The Montreal-based flag carrier says it plans to retire most of its older aircraft, return a number of leased aircraft and postpone delivery of several new ones. The net effect will reduce its fleet count by 10 aircraft this year, with further cuts planned next year and in 2001.
In the past five years, Air Canada increased its fleet by more than 10% every year, primarily by introducing new Airbus Industrie models and Canadair Regional Jets. The airline's fleet size peaked at 166 aircraft during its summer season last year.
Air Canada is under pressure from financial analysts to cut back because its costs have risen substantially during the past two years. A 13-day strike in September cost the airline C$249 million ($162 million), resulting in a small loss for the year. To reduce costs, the airline has sold assets worth C$73 million in recent months, and a cost cutting study being undertaken by an analyst will be completed during March.
As part of its fleet reduction, Air Canada is selling or mothballing six Boeing 747 Classics and 12 McDonnell Douglas DC-9 30s. It plans to sell three of the 747s and eight DC-9s for a total of about C$75 million.

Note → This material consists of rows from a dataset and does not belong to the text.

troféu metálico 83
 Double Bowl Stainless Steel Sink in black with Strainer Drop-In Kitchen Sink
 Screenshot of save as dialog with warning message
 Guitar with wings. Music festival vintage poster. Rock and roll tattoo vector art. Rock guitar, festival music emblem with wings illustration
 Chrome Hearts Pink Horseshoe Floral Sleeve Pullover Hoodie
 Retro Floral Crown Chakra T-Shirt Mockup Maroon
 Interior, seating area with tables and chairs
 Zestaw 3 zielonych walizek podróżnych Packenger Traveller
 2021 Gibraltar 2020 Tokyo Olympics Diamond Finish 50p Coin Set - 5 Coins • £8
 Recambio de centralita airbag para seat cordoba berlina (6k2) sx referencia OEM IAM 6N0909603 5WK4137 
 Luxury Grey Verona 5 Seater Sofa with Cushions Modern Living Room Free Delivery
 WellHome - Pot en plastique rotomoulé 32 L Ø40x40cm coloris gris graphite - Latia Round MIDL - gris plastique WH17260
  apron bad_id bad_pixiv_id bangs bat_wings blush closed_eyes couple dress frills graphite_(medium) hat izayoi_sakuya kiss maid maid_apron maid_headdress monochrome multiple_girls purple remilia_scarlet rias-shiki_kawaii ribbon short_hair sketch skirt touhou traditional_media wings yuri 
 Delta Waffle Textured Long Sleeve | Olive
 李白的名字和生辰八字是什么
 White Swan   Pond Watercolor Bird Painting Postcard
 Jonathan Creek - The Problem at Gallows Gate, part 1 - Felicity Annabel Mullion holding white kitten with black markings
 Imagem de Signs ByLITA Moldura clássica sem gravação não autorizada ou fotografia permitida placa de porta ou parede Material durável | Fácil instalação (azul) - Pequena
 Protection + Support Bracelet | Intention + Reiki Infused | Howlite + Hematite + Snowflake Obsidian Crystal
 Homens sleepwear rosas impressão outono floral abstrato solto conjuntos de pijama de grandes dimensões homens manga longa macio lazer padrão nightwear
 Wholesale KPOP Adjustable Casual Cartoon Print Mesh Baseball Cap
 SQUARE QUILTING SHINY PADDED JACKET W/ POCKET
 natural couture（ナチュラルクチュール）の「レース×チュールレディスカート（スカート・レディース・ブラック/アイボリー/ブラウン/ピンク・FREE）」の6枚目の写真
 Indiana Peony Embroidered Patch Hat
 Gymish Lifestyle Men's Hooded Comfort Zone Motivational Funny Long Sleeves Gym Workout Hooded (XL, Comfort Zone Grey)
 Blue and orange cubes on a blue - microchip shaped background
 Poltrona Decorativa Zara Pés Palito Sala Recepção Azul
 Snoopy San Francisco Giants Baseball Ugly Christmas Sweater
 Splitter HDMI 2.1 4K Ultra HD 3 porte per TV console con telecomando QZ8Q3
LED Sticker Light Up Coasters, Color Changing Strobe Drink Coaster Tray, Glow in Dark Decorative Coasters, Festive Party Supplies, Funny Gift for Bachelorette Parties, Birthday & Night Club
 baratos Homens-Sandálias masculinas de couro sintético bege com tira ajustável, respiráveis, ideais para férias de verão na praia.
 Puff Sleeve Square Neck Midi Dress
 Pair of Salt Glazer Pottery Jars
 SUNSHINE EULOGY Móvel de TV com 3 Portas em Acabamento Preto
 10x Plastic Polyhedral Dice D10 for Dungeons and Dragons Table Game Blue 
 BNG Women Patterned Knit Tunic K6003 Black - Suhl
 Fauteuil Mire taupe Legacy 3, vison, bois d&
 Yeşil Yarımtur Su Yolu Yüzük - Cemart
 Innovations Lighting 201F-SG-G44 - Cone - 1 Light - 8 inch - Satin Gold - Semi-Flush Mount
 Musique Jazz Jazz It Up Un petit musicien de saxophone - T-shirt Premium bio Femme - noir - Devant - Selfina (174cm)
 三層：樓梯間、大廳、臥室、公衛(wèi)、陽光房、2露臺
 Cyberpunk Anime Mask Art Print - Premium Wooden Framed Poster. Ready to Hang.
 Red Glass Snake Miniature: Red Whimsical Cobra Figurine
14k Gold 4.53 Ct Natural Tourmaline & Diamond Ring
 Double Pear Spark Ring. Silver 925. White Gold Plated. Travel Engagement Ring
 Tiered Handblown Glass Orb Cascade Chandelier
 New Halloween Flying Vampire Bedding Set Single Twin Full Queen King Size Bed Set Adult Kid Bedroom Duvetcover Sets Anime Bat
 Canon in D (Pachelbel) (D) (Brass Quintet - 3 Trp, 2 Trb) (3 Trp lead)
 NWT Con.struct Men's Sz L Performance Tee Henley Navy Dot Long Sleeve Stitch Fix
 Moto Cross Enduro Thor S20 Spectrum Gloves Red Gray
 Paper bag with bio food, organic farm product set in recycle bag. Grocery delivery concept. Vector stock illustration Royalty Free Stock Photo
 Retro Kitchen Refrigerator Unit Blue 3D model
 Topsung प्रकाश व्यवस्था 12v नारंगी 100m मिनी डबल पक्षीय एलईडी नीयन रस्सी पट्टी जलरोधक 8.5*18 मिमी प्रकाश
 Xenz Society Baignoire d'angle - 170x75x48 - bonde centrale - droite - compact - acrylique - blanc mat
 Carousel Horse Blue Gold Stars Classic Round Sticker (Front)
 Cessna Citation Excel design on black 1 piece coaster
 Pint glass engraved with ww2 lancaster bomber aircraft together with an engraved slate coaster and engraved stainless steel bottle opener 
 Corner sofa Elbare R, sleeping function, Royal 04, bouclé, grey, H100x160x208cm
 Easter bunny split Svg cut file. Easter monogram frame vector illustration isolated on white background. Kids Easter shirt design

The airline also plans to push back the introduction of its new fleet of Rolls-Royce Trent 700-powered A330-300s that were ordered in 1997. Delivery of two A330s will be delayed until 2001, while three A340-300s will be returned to their lessors as their leases expire over the next two years.
Air Canada will also hold back on the firming up of eight A330s and A340s commitments it had planned for this year. The airline, however, intends to continue with the previously announced acquisition of 13 Airbus aircraft, including two A340-500s and three A340-600s, over the next four years.